Koncern ATI/AMD dziś właśnie, oficjalnie wprowadza nową rodzinę kart opartych o rdzeń RV770. Dotychczasowe jednoprocesorówki GeForce 9800GTX oraz 8800GTS-512/GT będą mieć zatem wreszcie realnego konkurenta.
W ostatnich dniach, dzięki wszechobecnym przeciekom prasowym, wiele mówiło się o realnej wydajności tych kart, oraz o ich poprawionej w stosunku do starszej rodziny architekturze. Dosyć niejednoznaczne informacje napływały w odniesieniu do liczby jednostek SP. Jak się okazało układ RV770 zawiera ich nie 480, czy też 640 ale aż 800!

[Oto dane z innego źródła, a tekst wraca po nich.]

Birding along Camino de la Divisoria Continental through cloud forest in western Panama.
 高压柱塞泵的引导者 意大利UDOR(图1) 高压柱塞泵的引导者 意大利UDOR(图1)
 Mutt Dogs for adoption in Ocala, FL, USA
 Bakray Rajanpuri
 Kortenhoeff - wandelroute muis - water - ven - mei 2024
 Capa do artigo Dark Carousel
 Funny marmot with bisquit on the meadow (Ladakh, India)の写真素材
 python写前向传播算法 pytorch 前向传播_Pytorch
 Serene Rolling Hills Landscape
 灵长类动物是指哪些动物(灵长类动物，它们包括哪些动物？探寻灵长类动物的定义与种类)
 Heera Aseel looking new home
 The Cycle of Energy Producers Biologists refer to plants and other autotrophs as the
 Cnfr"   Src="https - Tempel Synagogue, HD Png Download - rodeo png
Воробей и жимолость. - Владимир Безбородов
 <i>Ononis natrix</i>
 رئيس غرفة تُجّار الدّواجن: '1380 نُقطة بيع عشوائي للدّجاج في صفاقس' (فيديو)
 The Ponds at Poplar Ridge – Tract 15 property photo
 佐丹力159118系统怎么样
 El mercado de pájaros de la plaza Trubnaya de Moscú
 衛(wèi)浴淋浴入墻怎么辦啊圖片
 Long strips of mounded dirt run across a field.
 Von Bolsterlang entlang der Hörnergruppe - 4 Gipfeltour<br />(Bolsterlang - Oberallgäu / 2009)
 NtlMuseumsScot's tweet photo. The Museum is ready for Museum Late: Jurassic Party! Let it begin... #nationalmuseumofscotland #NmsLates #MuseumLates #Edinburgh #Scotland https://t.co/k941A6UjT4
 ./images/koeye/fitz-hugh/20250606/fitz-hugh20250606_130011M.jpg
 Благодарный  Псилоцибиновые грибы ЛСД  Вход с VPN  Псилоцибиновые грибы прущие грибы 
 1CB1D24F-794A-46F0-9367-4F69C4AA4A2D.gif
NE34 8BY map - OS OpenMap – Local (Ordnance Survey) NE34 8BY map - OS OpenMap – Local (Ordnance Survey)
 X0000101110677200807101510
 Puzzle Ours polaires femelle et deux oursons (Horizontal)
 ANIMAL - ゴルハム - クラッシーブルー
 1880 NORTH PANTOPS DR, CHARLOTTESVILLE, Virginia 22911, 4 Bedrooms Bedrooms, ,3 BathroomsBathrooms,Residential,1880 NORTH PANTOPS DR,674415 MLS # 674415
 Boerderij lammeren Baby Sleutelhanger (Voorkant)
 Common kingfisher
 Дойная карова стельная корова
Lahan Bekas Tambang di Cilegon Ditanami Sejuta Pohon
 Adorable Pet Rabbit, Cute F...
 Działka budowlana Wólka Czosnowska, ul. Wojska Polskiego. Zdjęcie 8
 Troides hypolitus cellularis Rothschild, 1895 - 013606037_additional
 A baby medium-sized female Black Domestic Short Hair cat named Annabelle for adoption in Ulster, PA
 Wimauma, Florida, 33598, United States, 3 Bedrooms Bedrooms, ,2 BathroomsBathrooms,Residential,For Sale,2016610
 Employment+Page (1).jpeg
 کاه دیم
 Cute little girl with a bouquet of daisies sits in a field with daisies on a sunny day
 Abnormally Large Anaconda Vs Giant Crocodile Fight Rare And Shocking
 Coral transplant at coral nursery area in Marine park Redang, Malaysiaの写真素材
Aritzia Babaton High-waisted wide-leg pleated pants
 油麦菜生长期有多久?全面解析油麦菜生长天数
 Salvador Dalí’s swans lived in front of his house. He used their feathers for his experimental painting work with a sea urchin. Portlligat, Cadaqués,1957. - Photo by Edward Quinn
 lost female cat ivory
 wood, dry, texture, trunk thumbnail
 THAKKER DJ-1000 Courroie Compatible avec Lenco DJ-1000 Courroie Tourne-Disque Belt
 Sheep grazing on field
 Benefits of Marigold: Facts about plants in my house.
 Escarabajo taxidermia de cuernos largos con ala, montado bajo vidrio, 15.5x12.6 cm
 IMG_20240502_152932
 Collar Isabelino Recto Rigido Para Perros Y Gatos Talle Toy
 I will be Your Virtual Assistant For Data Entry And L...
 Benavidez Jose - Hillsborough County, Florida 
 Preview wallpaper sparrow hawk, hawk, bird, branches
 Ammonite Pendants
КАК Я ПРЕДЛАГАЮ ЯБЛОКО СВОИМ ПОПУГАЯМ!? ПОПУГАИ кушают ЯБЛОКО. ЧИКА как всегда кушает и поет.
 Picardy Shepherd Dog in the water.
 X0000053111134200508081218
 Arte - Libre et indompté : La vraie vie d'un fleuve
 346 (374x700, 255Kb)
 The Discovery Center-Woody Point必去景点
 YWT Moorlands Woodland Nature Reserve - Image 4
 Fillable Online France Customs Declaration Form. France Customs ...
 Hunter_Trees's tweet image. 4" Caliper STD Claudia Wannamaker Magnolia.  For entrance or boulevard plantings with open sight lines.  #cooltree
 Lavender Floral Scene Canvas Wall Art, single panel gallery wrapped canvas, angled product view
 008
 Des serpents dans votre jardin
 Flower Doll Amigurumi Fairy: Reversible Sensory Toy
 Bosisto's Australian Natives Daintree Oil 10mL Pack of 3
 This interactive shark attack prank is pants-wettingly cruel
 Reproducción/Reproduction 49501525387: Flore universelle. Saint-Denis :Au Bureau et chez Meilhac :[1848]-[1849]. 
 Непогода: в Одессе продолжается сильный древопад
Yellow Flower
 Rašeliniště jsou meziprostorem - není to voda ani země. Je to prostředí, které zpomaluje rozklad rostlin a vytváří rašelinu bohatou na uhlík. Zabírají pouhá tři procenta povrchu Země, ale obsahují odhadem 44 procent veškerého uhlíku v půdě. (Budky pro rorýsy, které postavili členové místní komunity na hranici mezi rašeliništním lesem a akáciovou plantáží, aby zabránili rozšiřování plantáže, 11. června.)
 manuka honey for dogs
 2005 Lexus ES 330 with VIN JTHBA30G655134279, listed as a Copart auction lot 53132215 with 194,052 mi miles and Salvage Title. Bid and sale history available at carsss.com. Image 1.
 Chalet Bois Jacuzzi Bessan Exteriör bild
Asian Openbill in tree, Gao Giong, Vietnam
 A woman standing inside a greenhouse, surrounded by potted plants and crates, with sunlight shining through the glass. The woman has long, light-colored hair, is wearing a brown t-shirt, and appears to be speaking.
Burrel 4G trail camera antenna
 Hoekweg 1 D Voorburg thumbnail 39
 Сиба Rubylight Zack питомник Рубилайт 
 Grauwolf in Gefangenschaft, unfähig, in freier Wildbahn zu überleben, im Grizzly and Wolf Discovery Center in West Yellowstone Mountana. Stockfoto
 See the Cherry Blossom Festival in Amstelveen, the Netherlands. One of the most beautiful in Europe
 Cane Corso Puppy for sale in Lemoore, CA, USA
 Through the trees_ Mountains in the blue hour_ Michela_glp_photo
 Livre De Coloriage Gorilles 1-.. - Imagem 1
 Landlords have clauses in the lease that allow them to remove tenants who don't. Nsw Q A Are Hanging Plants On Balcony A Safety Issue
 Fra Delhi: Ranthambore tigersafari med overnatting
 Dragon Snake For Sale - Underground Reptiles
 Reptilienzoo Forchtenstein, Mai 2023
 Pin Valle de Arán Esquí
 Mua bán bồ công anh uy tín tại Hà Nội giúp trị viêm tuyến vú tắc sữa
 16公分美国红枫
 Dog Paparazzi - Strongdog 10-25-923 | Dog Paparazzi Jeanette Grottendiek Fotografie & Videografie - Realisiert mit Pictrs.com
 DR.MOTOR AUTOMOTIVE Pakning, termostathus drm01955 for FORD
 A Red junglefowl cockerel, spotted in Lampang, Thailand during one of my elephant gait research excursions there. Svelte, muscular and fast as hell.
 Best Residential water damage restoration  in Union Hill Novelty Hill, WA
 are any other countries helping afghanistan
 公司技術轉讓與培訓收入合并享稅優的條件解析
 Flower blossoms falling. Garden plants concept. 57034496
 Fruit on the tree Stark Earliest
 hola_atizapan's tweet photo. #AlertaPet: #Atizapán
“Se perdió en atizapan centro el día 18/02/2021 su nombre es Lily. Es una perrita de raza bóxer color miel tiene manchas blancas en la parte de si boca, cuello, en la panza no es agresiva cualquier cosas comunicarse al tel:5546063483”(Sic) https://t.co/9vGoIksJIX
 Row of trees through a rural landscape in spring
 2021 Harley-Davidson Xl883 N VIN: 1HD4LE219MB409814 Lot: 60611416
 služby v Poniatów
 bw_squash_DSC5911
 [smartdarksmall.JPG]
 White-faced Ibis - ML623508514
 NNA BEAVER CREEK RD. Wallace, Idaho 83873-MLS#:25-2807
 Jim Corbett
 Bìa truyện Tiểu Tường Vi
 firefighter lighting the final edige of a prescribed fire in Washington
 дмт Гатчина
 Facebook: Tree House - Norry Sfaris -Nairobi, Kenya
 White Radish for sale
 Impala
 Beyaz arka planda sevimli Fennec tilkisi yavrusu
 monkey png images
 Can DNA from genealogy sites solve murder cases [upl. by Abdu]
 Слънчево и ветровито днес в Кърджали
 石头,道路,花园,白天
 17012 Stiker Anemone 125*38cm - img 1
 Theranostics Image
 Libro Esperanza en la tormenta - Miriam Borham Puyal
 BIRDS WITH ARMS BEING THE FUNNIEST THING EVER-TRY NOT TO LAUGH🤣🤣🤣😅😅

Teoretyczna, zmiennoprzecinkowa wydajność tego chipa oscylować będzie zatem w okolicach 1,0-1,2 TFlopa w zależności od zegarów taktujących rdzeń układu. Jak wiadomo jest to wartość nieco wyższa nawet od niedawno zaprezentowanego przez nvidię GT200 (933 GFlops).
Ponadto, pięta achillesowa kart (niewielka liczba jednostek teksturujących w stosunku do układów konkurencji) to jak się wydaje także echo przeszłości. Jeżeli większość osób miała prawo przypuszczać, że firmie uda się wreszcie stworzyć chipa, który będzie w stanie zagrozić pozycji udanego G92 od nvidii, to chyba nikt jednak nie przypuszczał, że po uaktywnieniu wygładzania krawędzi nowe karty ATI nie pozostawią suchej nitki na popularnych do niedawna układach G92/G94.
Biorąc pod uwagę powyższe aspekty oraz konkurencyjną cenę Radeona HD4850, karty oparte o GeForce 8800GT / 8800GTS-512 jak i 9800GTX czekać może bardzo ciężki okres.